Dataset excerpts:
=== Begin Enclosure ===
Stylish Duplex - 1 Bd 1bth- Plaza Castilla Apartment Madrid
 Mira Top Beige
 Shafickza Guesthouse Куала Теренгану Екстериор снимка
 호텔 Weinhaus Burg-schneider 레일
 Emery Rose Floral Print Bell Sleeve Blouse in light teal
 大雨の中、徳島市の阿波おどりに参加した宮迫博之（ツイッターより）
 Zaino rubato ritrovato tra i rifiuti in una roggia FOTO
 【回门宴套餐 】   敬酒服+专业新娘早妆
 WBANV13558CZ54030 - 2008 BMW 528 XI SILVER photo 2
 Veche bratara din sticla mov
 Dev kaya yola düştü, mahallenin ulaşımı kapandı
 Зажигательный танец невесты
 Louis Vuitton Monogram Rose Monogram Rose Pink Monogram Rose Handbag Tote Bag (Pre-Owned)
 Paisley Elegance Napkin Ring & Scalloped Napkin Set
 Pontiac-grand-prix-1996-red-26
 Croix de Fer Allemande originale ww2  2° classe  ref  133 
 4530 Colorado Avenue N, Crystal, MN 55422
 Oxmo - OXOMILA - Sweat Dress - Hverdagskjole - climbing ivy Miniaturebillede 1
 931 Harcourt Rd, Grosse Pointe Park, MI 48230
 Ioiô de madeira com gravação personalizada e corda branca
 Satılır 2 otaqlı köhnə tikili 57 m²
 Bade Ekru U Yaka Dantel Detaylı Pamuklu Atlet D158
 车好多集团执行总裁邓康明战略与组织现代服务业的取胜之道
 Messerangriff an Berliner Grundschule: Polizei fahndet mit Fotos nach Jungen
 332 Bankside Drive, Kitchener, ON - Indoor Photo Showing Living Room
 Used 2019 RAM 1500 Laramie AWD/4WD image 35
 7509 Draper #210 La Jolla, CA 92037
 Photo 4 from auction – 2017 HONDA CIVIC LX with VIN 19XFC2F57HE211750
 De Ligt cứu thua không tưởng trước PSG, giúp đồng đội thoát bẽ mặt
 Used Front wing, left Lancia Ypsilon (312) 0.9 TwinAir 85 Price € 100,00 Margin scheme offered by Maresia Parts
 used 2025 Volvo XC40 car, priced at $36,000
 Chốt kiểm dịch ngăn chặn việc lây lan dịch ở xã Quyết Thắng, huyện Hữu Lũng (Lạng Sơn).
=== End Enclosure ===
Problem >> From the records above, extract exactly and only the lines that begin at the line with "WBANV13558CZ54030 - 2008" and stop after the line with "4530 Colorado Avenue N, Crystal, MN 55422".

Reply >>
 WBANV13558CZ54030 - 2008 BMW 528 XI SILVER photo 2
 Veche bratara din sticla mov
 Dev kaya yola düştü, mahallenin ulaşımı kapandı
 Зажигательный танец невесты
 Louis Vuitton Monogram Rose Monogram Rose Pink Monogram Rose Handbag Tote Bag (Pre-Owned)
 Paisley Elegance Napkin Ring & Scalloped Napkin Set
 Pontiac-grand-prix-1996-red-26
 Croix de Fer Allemande originale ww2  2° classe  ref  133 
 4530 Colorado Avenue N, Crystal, MN 55422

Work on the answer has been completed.